The move, according to Bloomberg, is part of Riyadh’s efforts to prop up its non-oil economy sectors, something for which it has calculated it would need $130 billion. The Saudi economy, now estimated to be worth some $745 billion, has been growing at an average annual rate of more than six percent over the last four years, but the oil industry has historically dominated the country’s industrial makeup. According to asset-management company Schroders, the opening up of the Saudi bourse could cause MSCI, a leading global provider of stock-exchange indices, to classify the Tadawul index as emerging market, which will bring in some $40 billion. For now, the stock market is only open to local investors and those from the other members of the Gulf Cooperation Council (Kuwait, the UAE, Qatar, Bahrain and Oman).
In its official statement, the Capital Market Authority said that it will give investors and the public 90 days to supply it with feedback and will then review this feedback until December. However one looks at it, this opening up to foreign investors is a major step, given that the Saudi stock market is the biggest emerging one after China. MSCI said it may add Saudi Arabia to its emerging-markets index in 2017 at the earliest, but once it does that, the country could account for as much as four percent of the overall gauge.
According to Deutsche Bank analyst Aleksandar Stojanovski, the Saudi stock market offers an attractive sector base for investors, with its more than 160 listed securities.
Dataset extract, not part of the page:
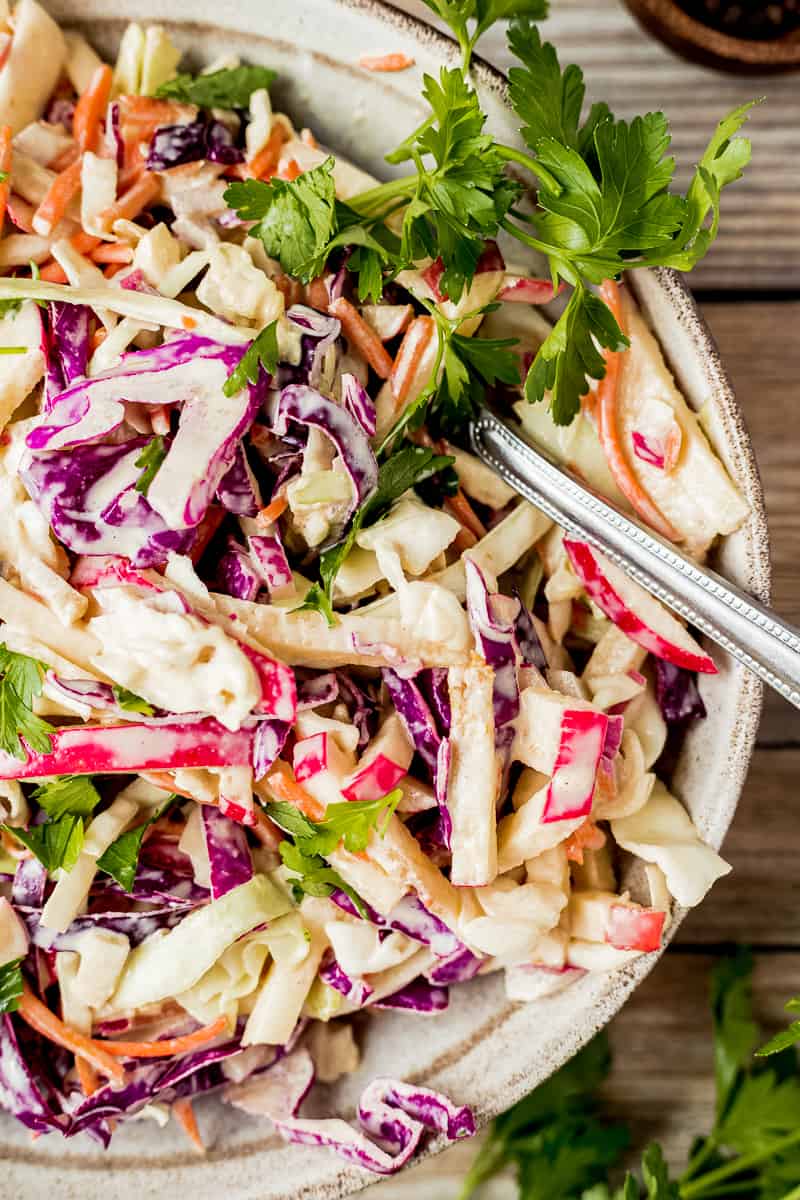 A closeup overview shot of a bowl of Whole30 coleslaw topped with parsley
Opening it up to foreign investments will have a wider beneficial effect on the whole Middle East and North Africa region, boosting the regional market capitalization to $1.2 trillion, the Economic Times of India reported. This is hardly surprising in view of the fact that the kingdom, which is OPEC’s largest exporter, currently accounts for 45 percent of MENA’s market cap and 65 percent of regional liquidity, estimated at some $4 billion, which makes it the most liquid market in the region.
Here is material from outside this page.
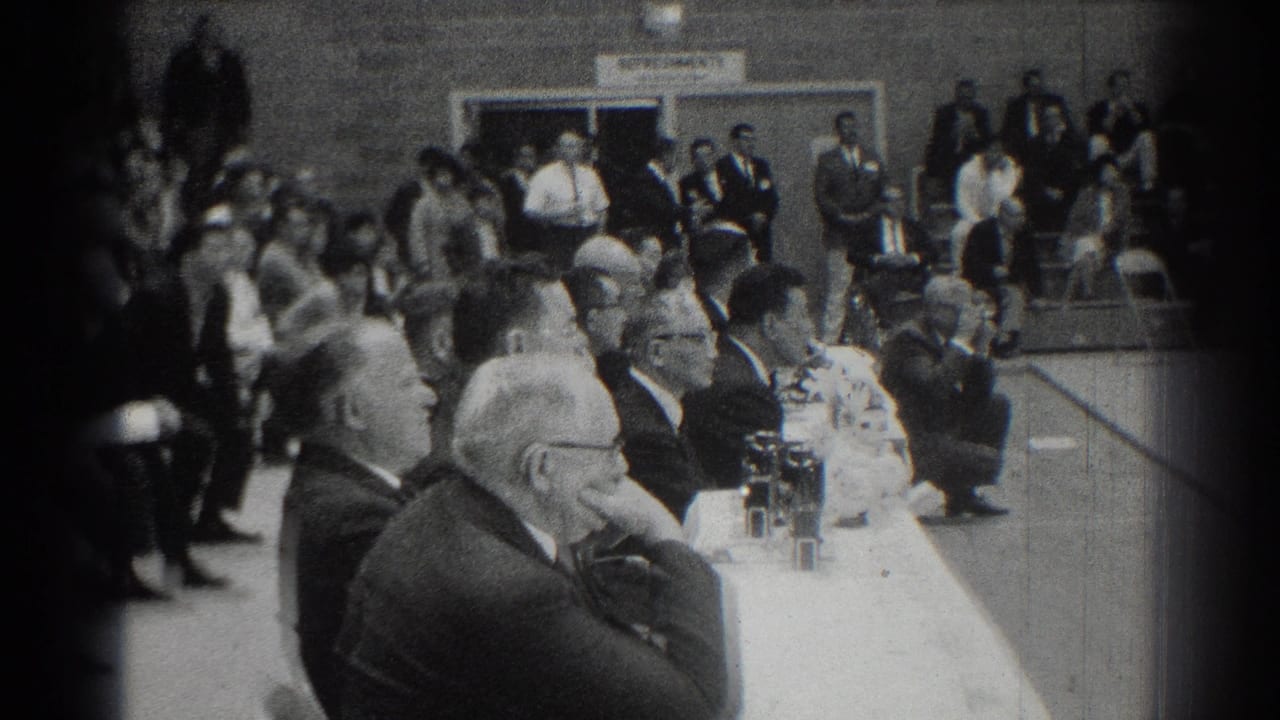 Judges sit beside spectators in a gymnasium during a karate competition.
Deutsche Bank’s estimates of the direct-foreign-investment inflows after the market opening next year are similar to those of Schroders; Stojanovski puts the incremental flows at $35 billion, as long as the proportion of direct-foreign participation in the Tadawul reaches the average level for the region, which is eight percent. Currently, foreign investors account for just one percent of the Saudi stock market through indirect participation, which became possible in 2009. One note that needs to be made, though, is that the Saudi CMA will not let just any interested party buy Saudi stock. The authority has already compiled rules for participation, which exclude any institutional investor with less than $5 billion in assets under management and less than five years of operation.